§ **TASK DESCRIPTION**:
The lines from the one with "Verathon bvi9400 bladder" through the last line of the material below, copied exactly and free of pictures, make up the whole answer.

§ **DATA PROVIDED**:
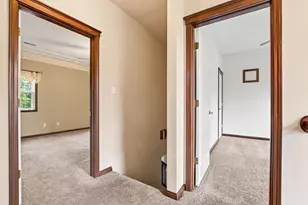 1168 Capitol Dr, Hobart, IN 46342 - Photo 31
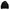H&M Biker Faux Leather Jacket photo 1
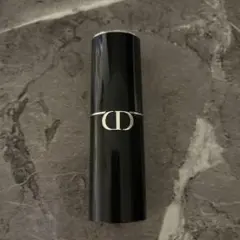 Dior ディオールスキン フォーエヴァー スキン パーフェクト スティック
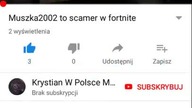 Scamer
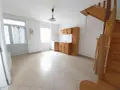 Maison a vendre Le Neubourg 27110 Eure 27 40 m2 3 pièces 100700 euros 27061-1462 003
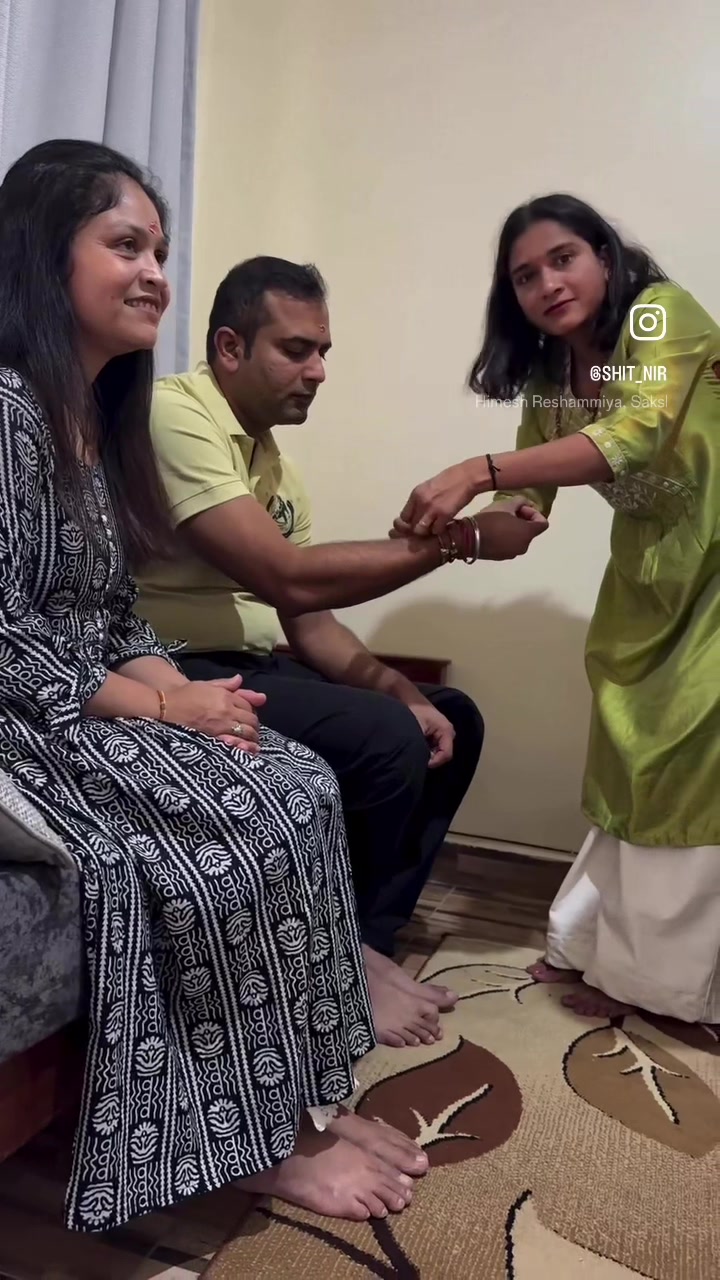 @Shitz_Nirs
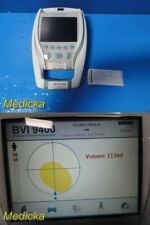 Verathon bvi9400 bladder for sale  Saint Paul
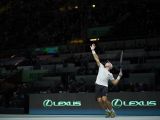 Lexus schlägt beim Davis Cup auf - Bild 3
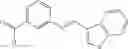 Fig. 749 - Cyanotriazole compounds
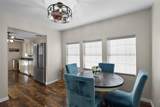 305 Cheyenne Drive - Photo 12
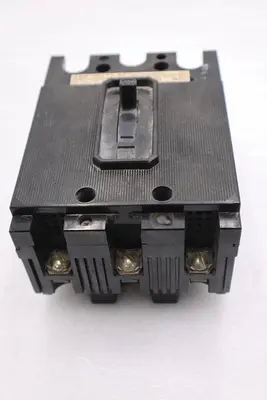 ITE EH3B020 20A Circuit Breaker 480 VAC 3 Pole EH3-B020 ITE 20 Amp STOCK B-628
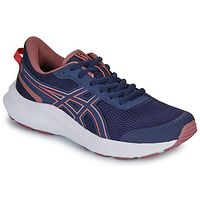 asics zapatillas de running jolt 5 para mujer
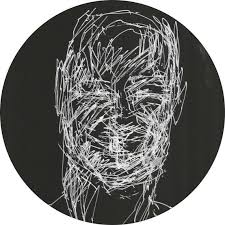 We did not find results for: Ø£ÙØ®Ù… 50 Ø§ÙØªØ§Ø± Ø§ÙØªØ§Ø±Ø§Øª Ø§Ù†Ø³ØªØ§ ÙØ®Ù…Ø© Sotor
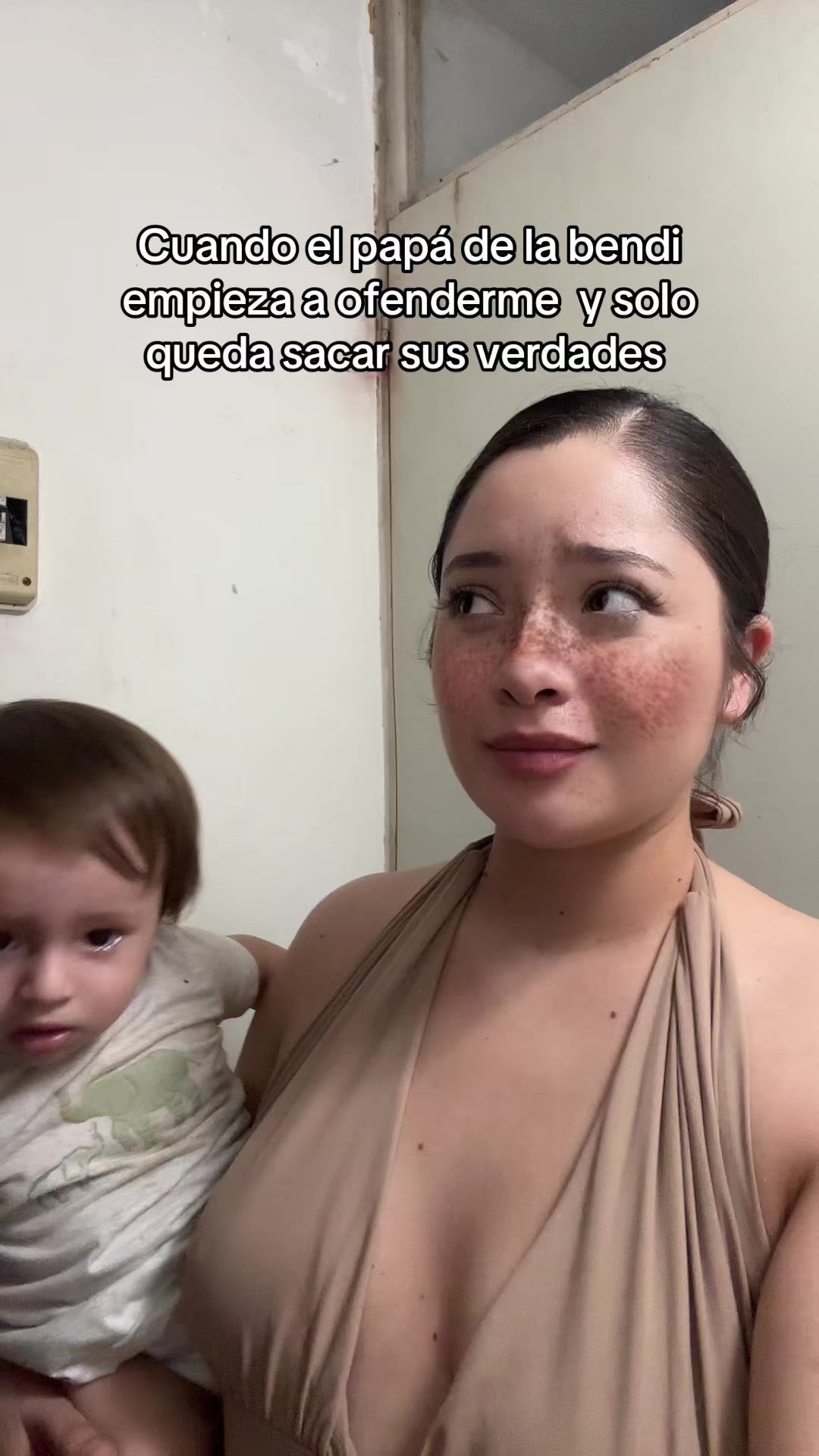 @Emi👶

§ **REPLY TO THE TASK**:
 Verathon bvi9400 bladder for sale  Saint Paul
 Lexus schlägt beim Davis Cup auf - Bild 3
 Fig. 749 - Cyanotriazole compounds
 305 Cheyenne Drive - Photo 12
 ITE EH3B020 20A Circuit Breaker 480 VAC 3 Pole EH3-B020 ITE 20 Amp STOCK B-628
 asics zapatillas de running jolt 5 para mujer
 We did not find results for: Ø£ÙØ®Ù… 50 Ø§ÙØªØ§Ø± Ø§ÙØªØ§Ø±Ø§Øª Ø§Ù†Ø³ØªØ§ ÙØ®Ù…Ø© Sotor
 @Emi👶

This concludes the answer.